Whether this is mere contextualization or preemptive apology, it ends up feeling distinctly like the latter once the movie truly begins. On the one hand, Mathieu Amalric plays a thoughtful, pensive Freud with the kind of magnetism that makes one yearn for an Amalric-fronted biopic. On the other, Micha Lescot shows up as Einstein in a flimsy wig and a smug expression, puffing a pipe while staring at the camera, as though he has just walked off the set of “Epic Rap Battles of History.” He doesn’t speak for much of the film. Granted, his ill-fitting casting is eventually explained, but this choice still proves immensely distracting for such serious subject matter.
Unfortunately, the material itself never approaches the topic of war beyond the abstract. The letters in question are far more general and philosophical than a film about Israel and Palestine demands. While Gitai’s endless closeups on Amalric make for a great performance showcase, Freud’s words about common instincts and cultural interests hold weight only as theoretical solutions to theoretical problems.

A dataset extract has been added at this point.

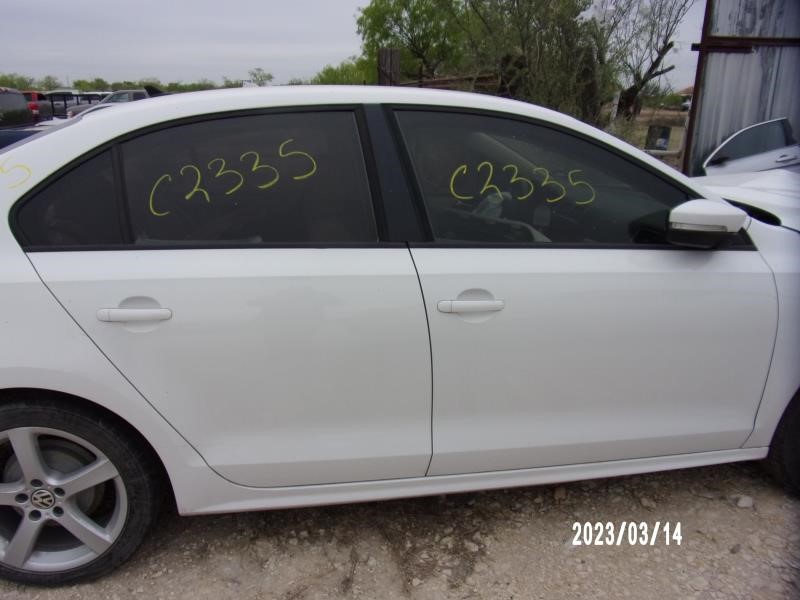 https://f005.backblazeb2.com/file/img-partshotlines-com/Inventory/EX427/Vehicle/2346_08.jpg
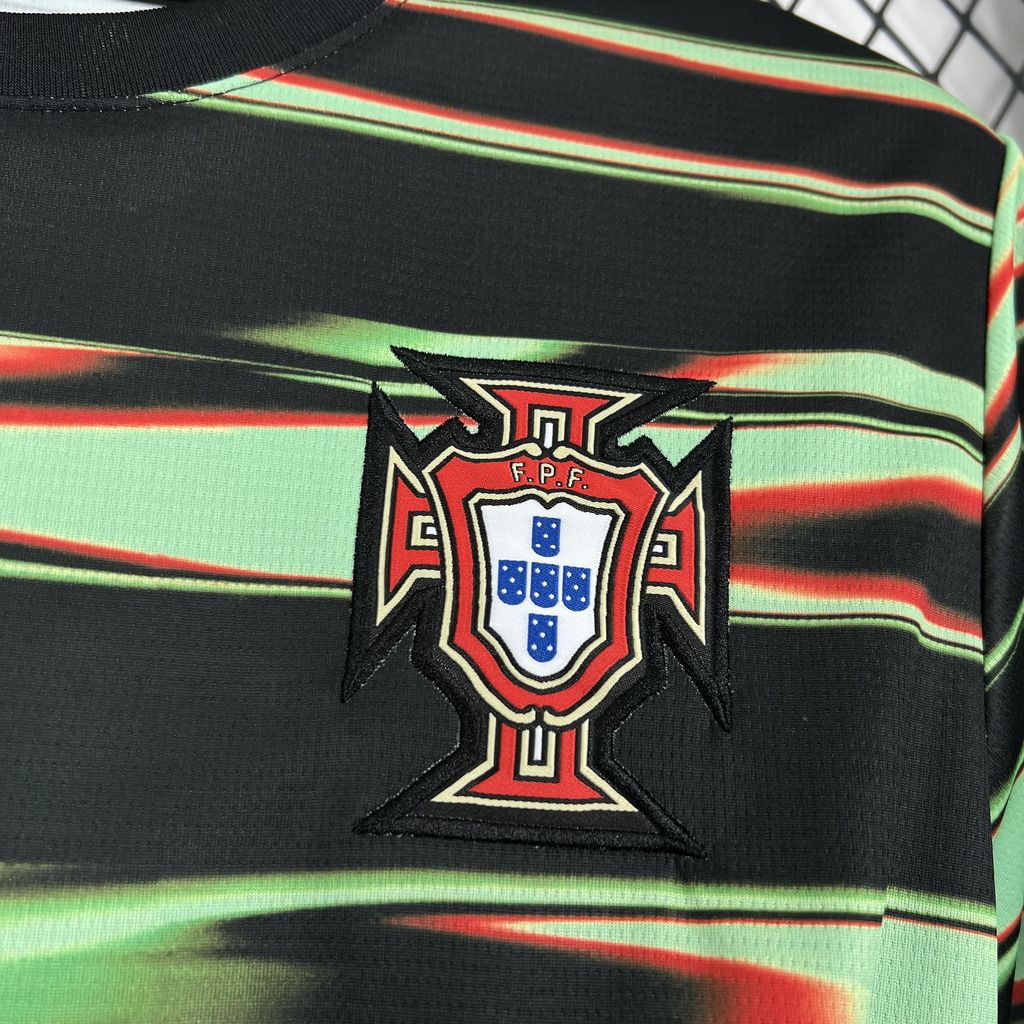 2024103014114424.jpg Mens Portugal 2025/26 Camouflage Jersey - Image 6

Ironically, treating notion of war with such a broad brush — rather than wrestling with real specifics — works only to flatten asymmetrical conflicts, like those which have been seen in the wake of October 7. (Significantly more Palestinians have been killed than Israelis.) Gitai, though he may wish for a pause button to the conflict at large, unwittingly decontextualizes war itself, as a matter of psychological impulse, and of male aggression, rather than complex geographical, historical and ideological dynamics.

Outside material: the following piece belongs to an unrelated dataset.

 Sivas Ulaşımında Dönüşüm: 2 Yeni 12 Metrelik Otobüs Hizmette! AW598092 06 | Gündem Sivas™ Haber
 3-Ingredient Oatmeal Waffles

As the film goes on, its lament about the general concept of war takes numerous forms, from Jacob participating in interpretive dance, to filmed clips of staged musical performances set against a video installation, à la Gitai’s staged version of “A Letter to a Friend in Gaza.” If helplessness in the face of war is the movie’s default point of view, then it seldom struggles against those constraints, resulting in a work that says little with its words and images.